Koarsenierung bezeichnet die thermodynamisch getriebene Vergrößerung charakteristischer Mikrostrukturlängen wie Korngröße oder Teilchendurchmesser in Vielphasen- oder polykristallinen Systemen. Sie tritt typischerweise bei erhöhten Temperaturen auf und führt zu einer Reduktion der Gesamtoberflächen- bzw. Grenzflächenenergie.

Wesentliche Formen sind die Kornvergröberung in polykristallinen Gefügen und das Präzipitat‑Koarsening in ausscheidungsgehärteten Legierungen. Bei der Kornvergröberung bewegt sich die Korngrenze so, dass Körner mit kleiner Krümmung auf Kosten kleiner, hoch gekrümmter Körner wachsen. Das Wachstum wird durch Korngrenzenmobilität, Segregationen und Teilchenpinning (Zener-Pinning) kontrolliert und beschreibt oft ein kinetisches Gesetz vom Typ Rn−R0n=Kt.

Präzipitat‑Koarsening folgt häufig LSW‑ähnlicher Kinetik (Lifshitz–Slyozov–Wagner), bei der größere Ausscheidungen durch diffusionsgesteuerten Stofftransport auf Kosten kleinerer wachsen (Ostwald-Reifung).
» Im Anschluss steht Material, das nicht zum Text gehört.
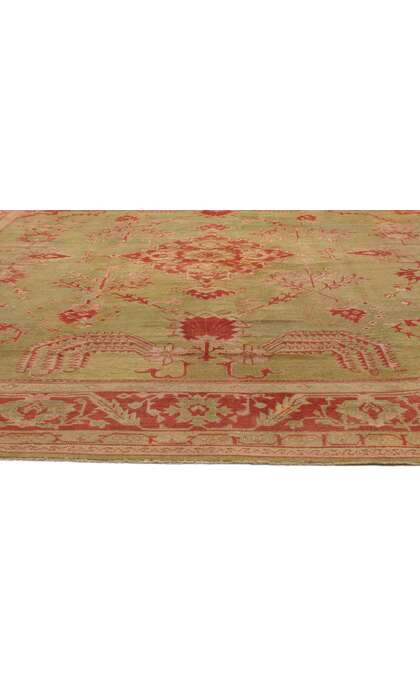 14 x 16 Late 19th Century Antique Green Turkish Oushak Rug 74173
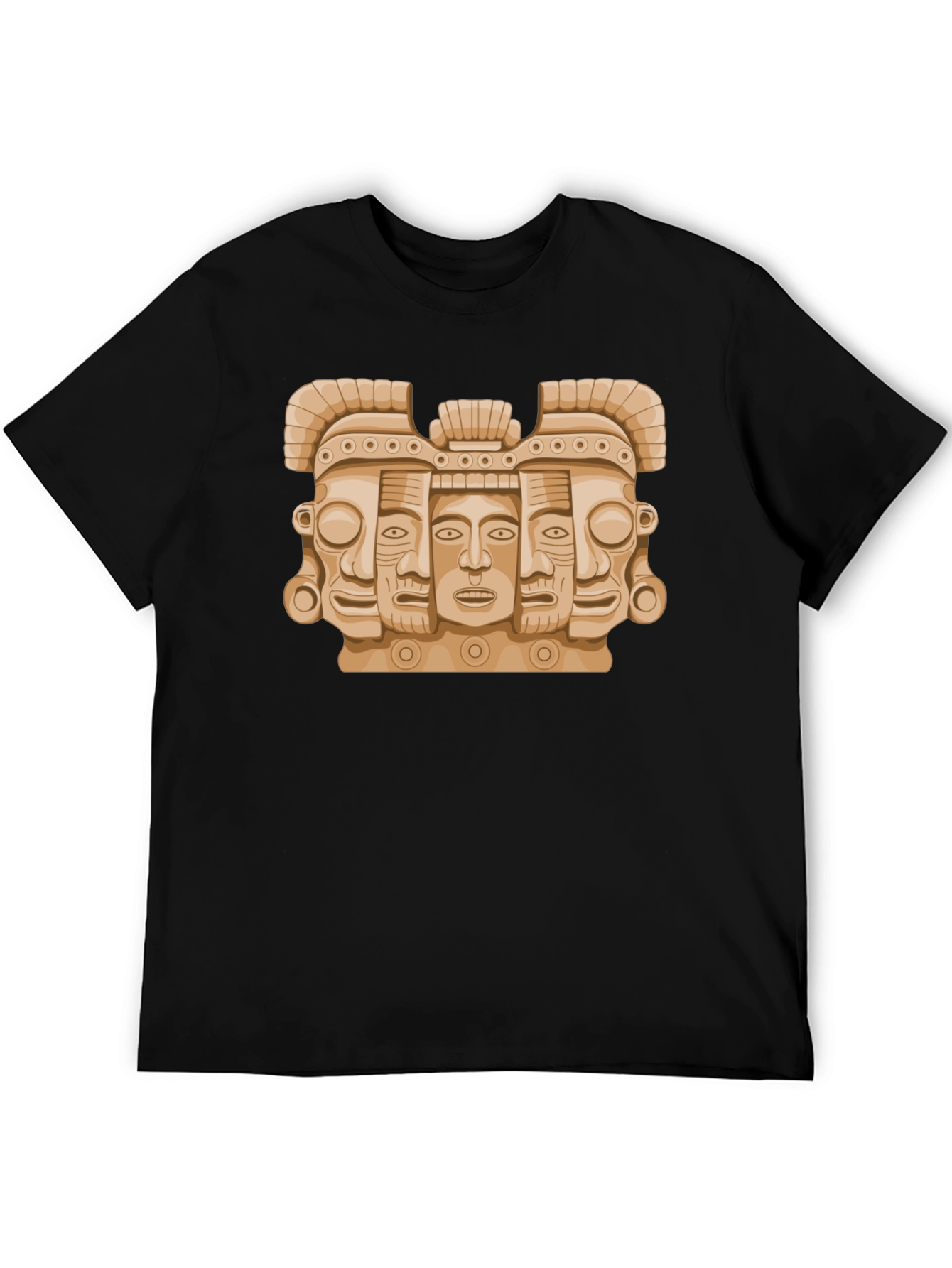 Aztec Art Graphic Tee - Stylish Mens Black T-Shirt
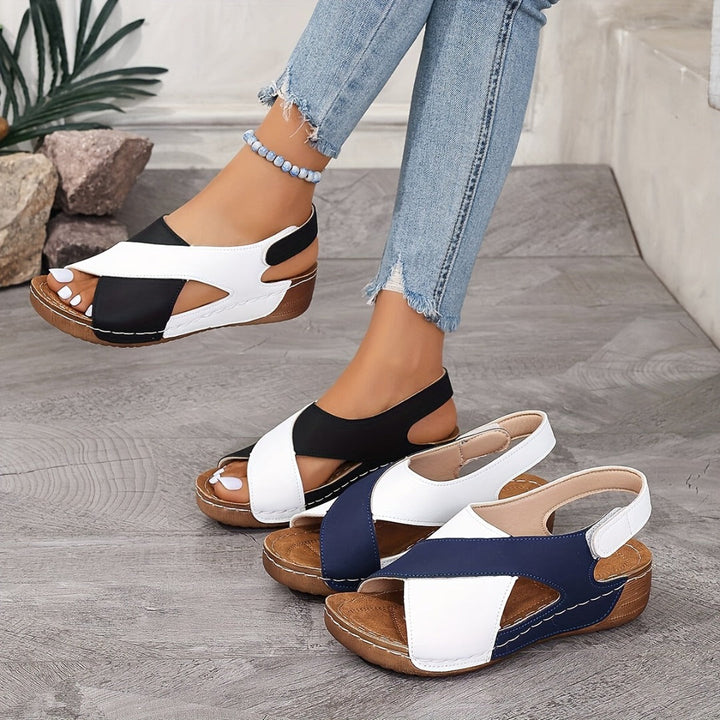 Damen Leder Keilabsatz Sandalen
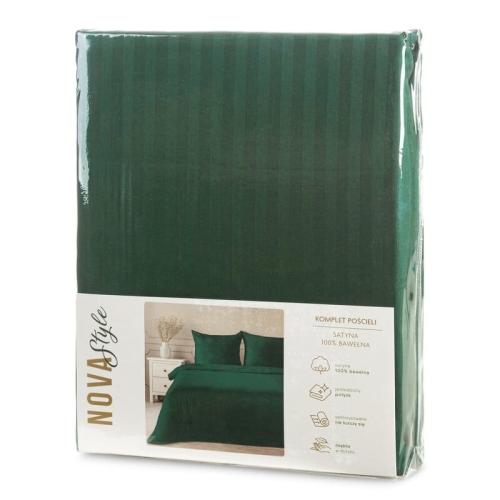 Komplet pościeli z adamaszku 220x200 ciemno zielonej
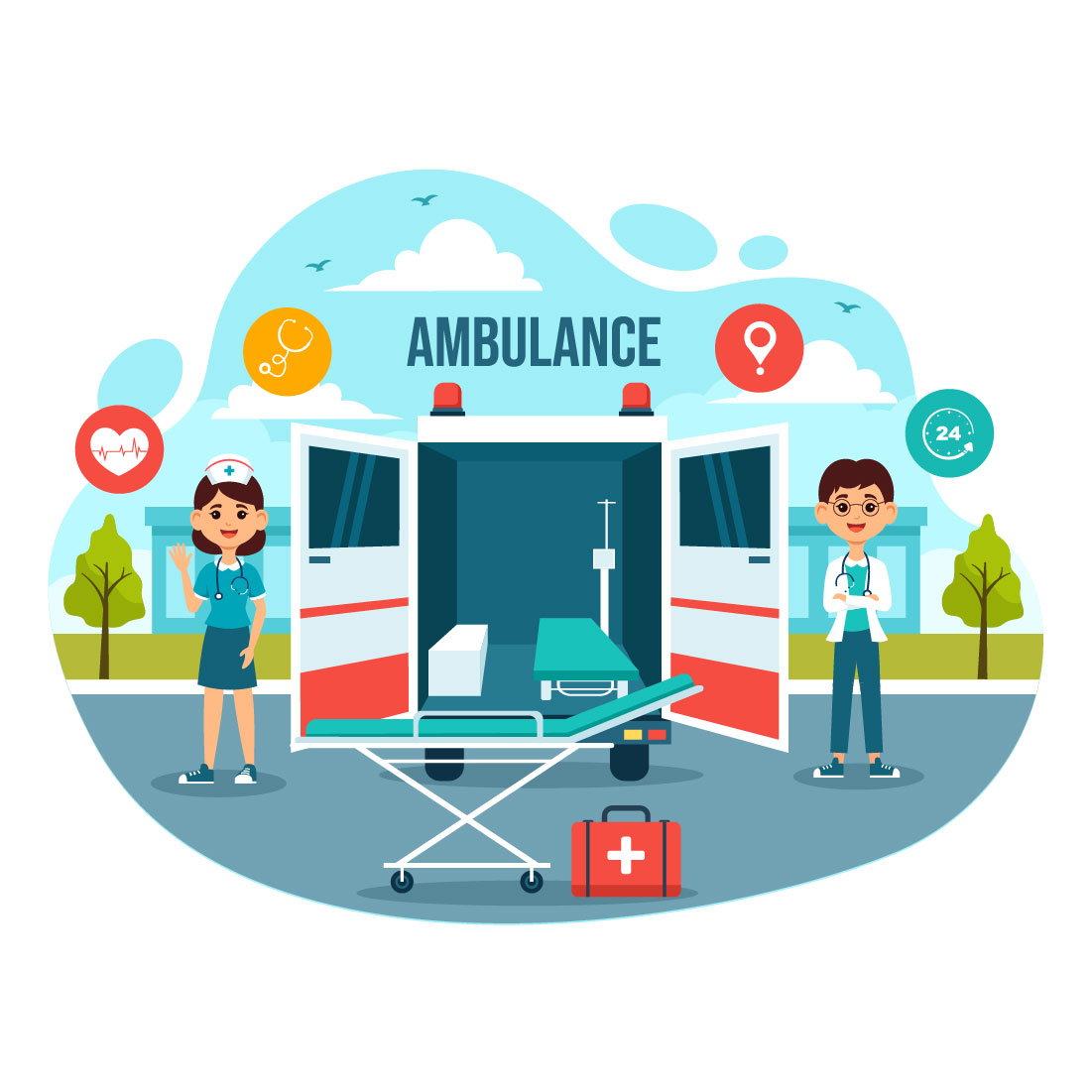 10 Ambulance Car Illustration preview image.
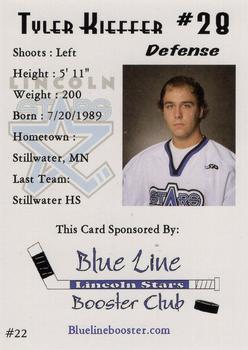 2007-08 Blueline Booster Club Lincoln Stars (USHL) Series 1 #22 Tyler Kieffer Back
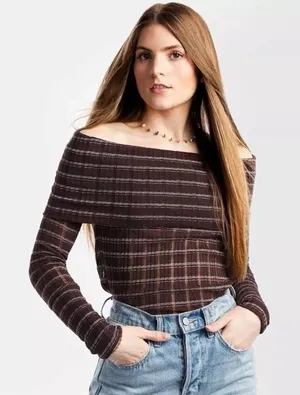 Free people brown snow bunny off the shoulder top M thumbnail 1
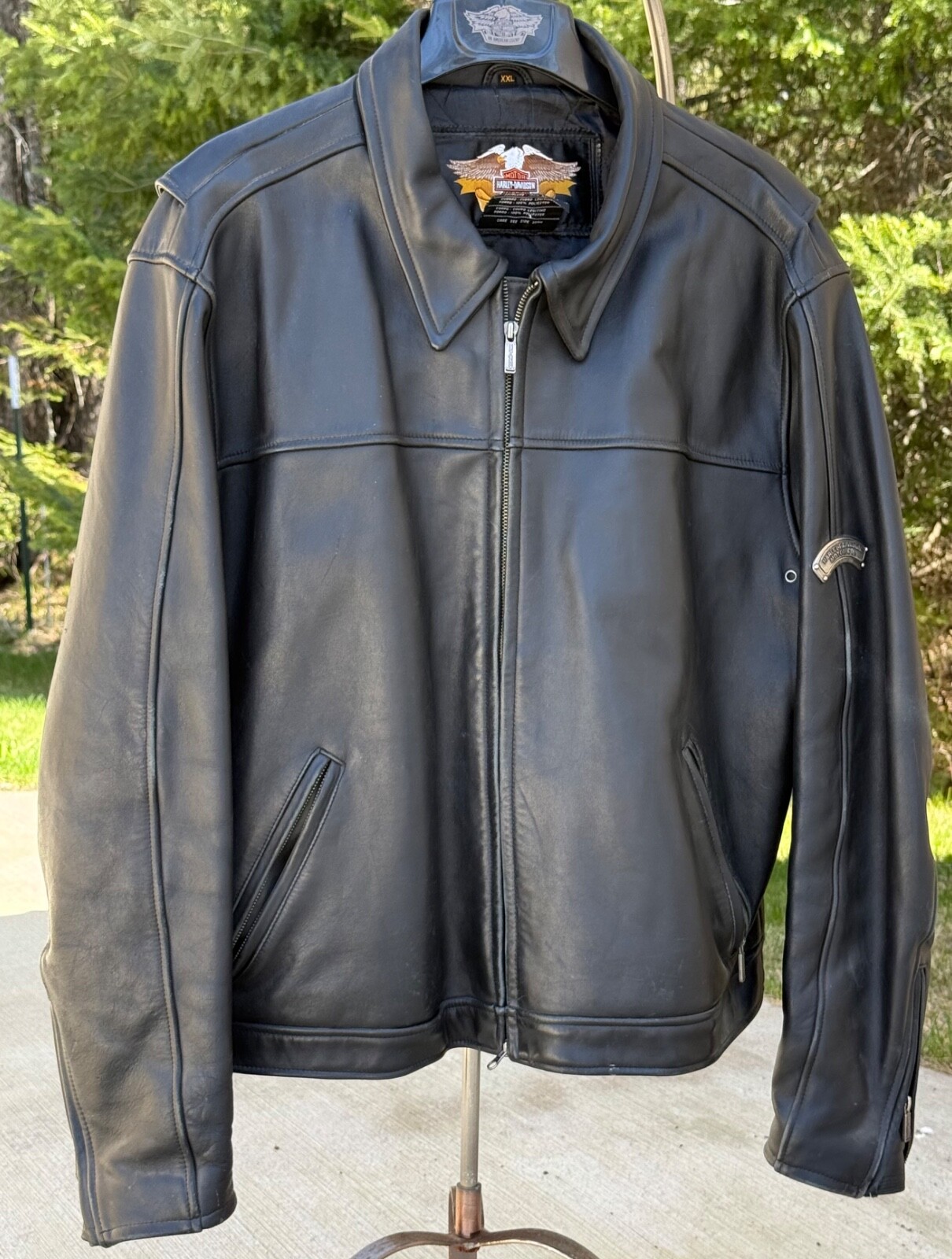 Signed Leather Jacket Harley Davidson VINTAGE 2XL… - image 2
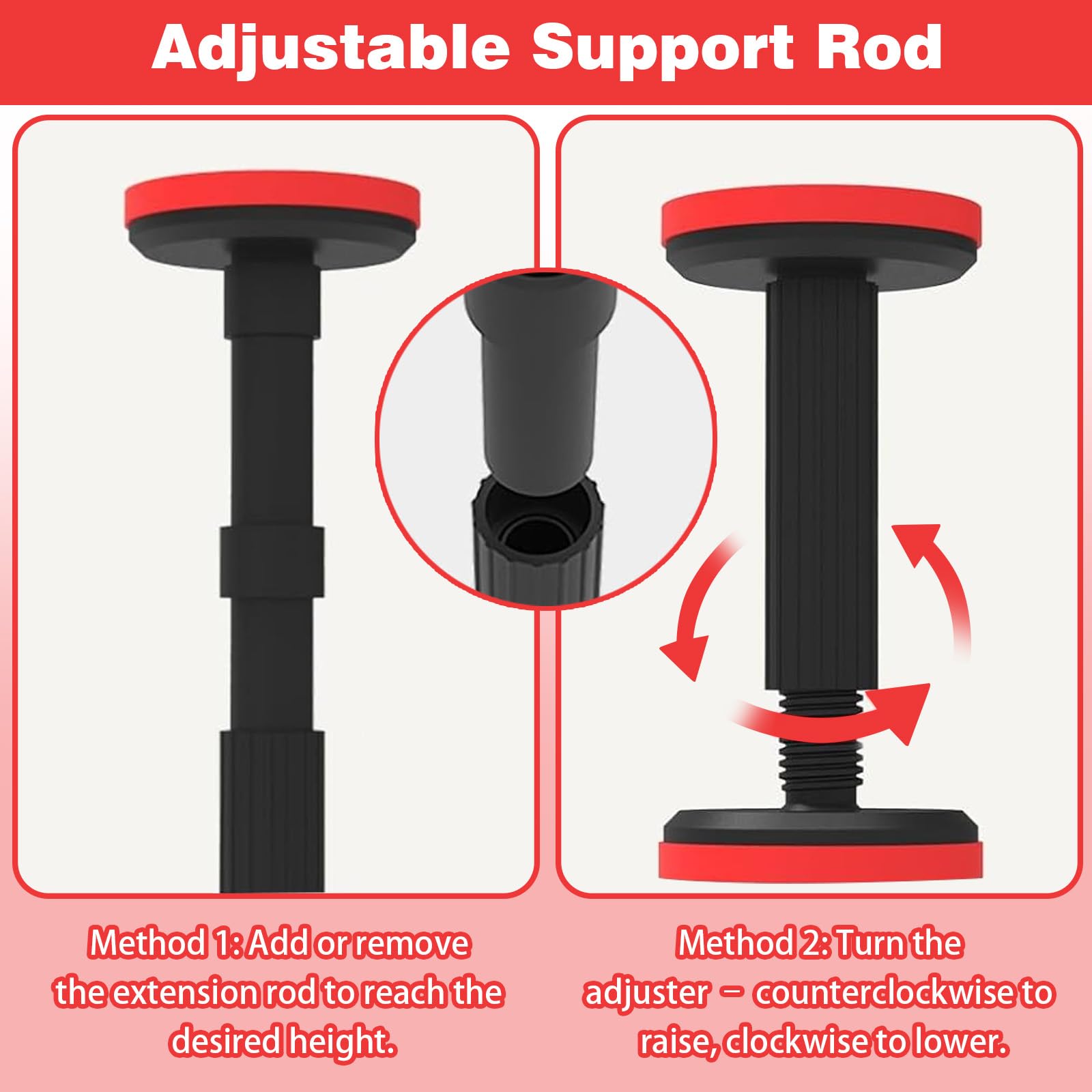 Supporti regolabili in altezza, supporto telescopico, asta di supporto regolabile per armadio, divano, lavandino, portata fino a 200 kg, altezza regolabile da 18 a 45 cm, supporto da soffitto per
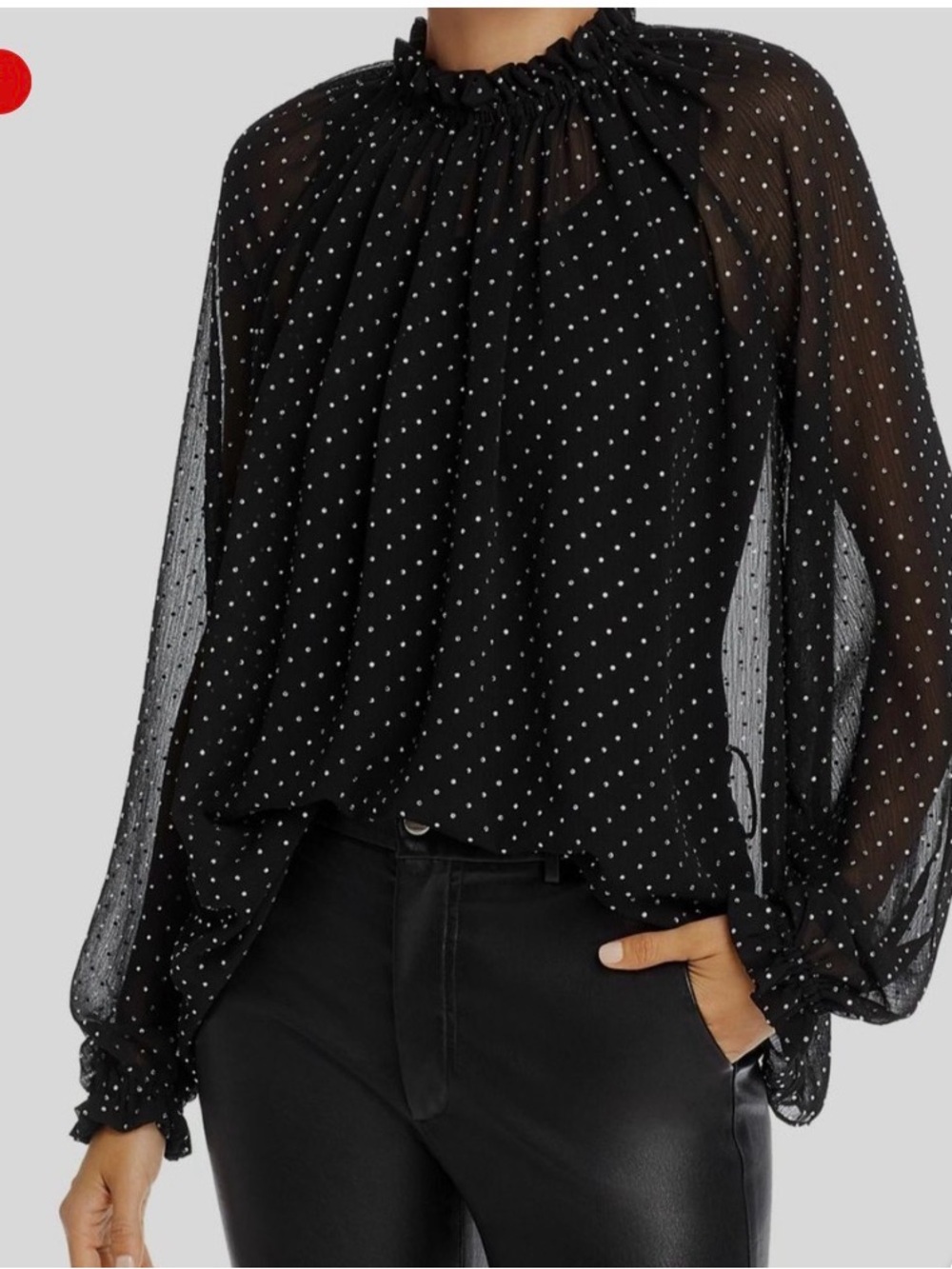 Ronny Kobo Collection Black Polka Dot Long Sleeve Blouse
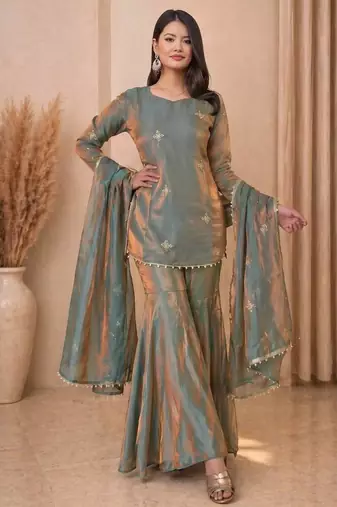sea green embroidered sequin silk sharara suit set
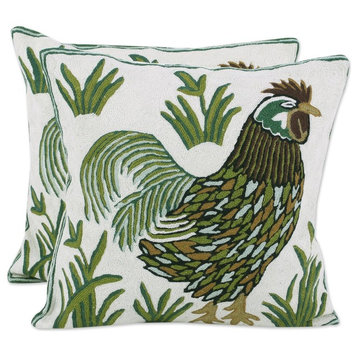 Rooster Crow Cotton Cushion Covers, Set of 2
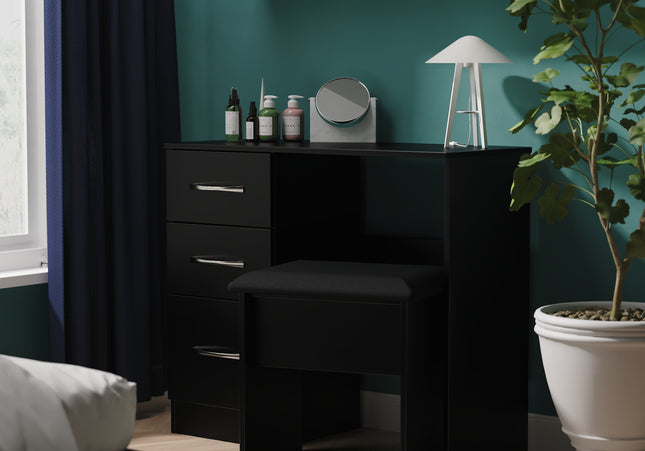 Avon Desk & Stool In Black Matt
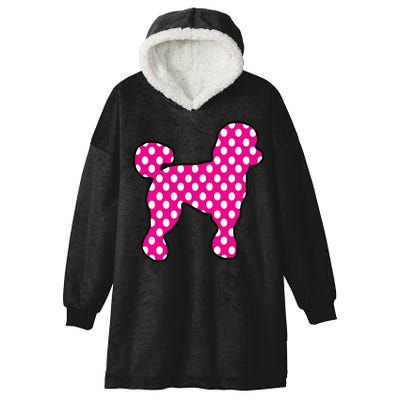 Pink And White Polka Dot Poodle For 50s Sock Hop Dance Hooded Wearable Blanket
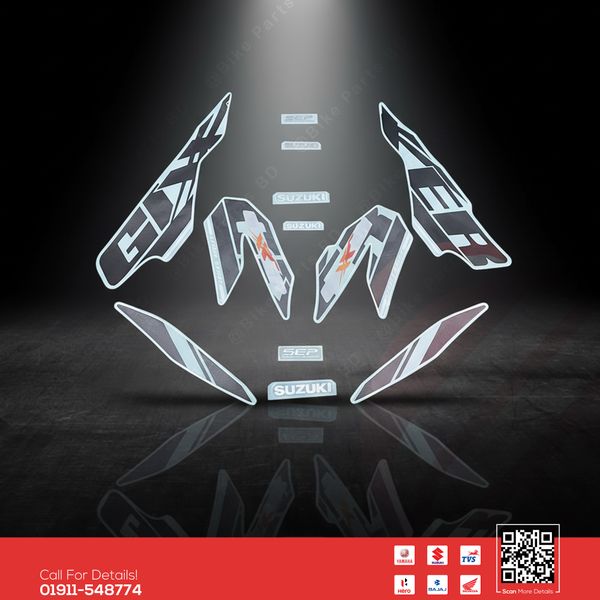 Full Set Sticker for Suzuki Gixxer Monotone (Old Model, Red Color) bike.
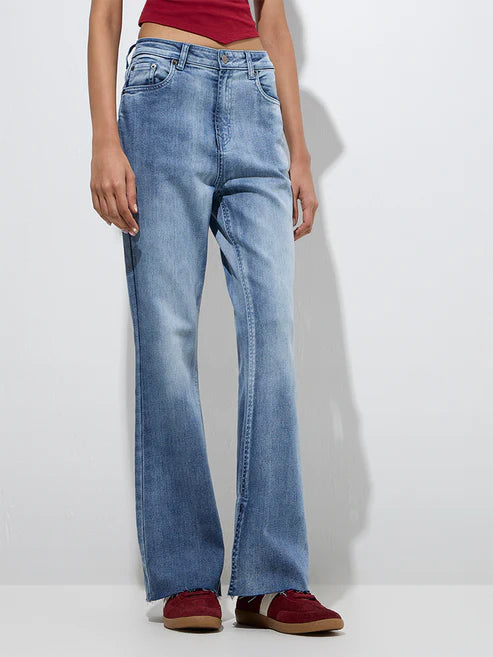 Trendy Blue Faded Bootcut Mid-Rise Jeans for Women Designed with Soft Durable Fabric, Flattering Silhouette, and Effortless Streetwear Appeal
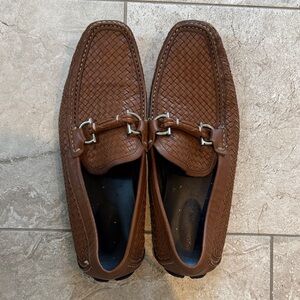 Salvatore Ferragamo Woven Brown Leather Loafers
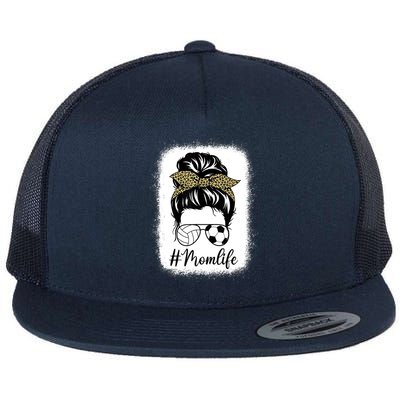 Mothers Day Volleyball And Soccer Mom Life Messy Bun Leopard Flatbill Hat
Hier bestimmen Löslichkeit, Diffusionskoeffizienten und Grenzflächenenergie die Koarsenierungsgeschwindigkeit.

Koarsenierung beeinflusst makroskopische Eigenschaften signifikant: Grobkörnige Gefüge erniedrigen in der Regel die Festigkeit (Hall–Petch-Zusammenhang), während überkoarsenierte Präzipitate die Ausscheidungshärtung reduzieren. Die gezielte Kontrolle der Koarsenierungskinetik durch Legierungsdesign, Prozessführung und Texturierung (z.B. richtungsorientierte Grobkornbildung) ist daher ein zentrales Element der Mikrostruktur‑ und Eigenschaftsoptimierung.